Does bioplastics have any drawbacks?

It would be great if all the plastic we couldn’t avoid using was either reused in some way or recycled. Realistically, though, that’s never going to happen: most bioplastic is going to end up in a landfill, just like ordinary plastic. So we still need to think about that very carefully. Some bioplastics disappear very cleanly in landfills. Because they’re made from plants, they absorbed carbon dioxide when they grew in the first place and they release that carbon dioxide again when they break down–so effectively, ignoring the energy used in manufacturing, they’re carbon neutral: they don’t add to global warming. Other bioplastics break down and release methane, which is a really powerful greenhouse gas (much worse than carbon dioxide). That’s a serious issue. Some also leave a toxic residue in the landfill, which could cause water pollution or soil contamination. Another problem is that bioplastics can’t be recycled the same way as ordinary plastics so if they all get mixed in together in a recycling container, you can end up with a huge pile of unprocessable waste that has to go to a landfill. There are other issues too. Some bioplastics are described as “compostable”, but they only compost in the kind of high-temperature digesters operated by councils, not on your average, low-temperature, home compost heap.
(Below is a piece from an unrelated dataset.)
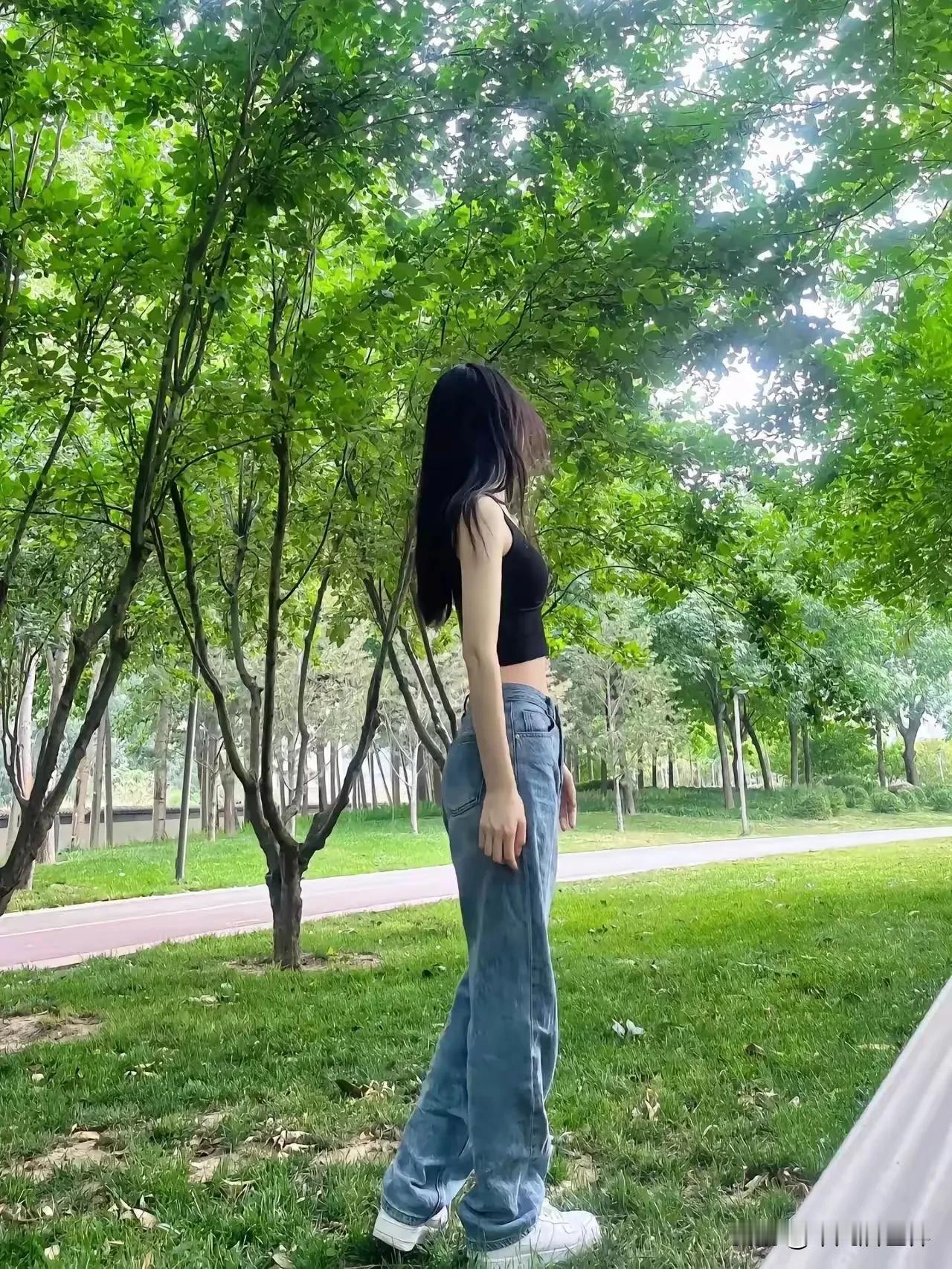 秋爽，清新自然，舒适自在。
So not really a complete solution?

Definitely not. You have to go back to what we were saying right at the beginning–about how many different kinds of plastic we use and in how many different ways. You can’t really make a plastic washing up bowl from bioplastic–it would slowly disintegrate before your eyes! But what else are you going to make it out of? And if you accept that it’s not something you’re going to keep forever, what happens to it when you throw it away? Ditto with a toothbrush: it’s something you have to throw away and replace (if you want to keep your teeth).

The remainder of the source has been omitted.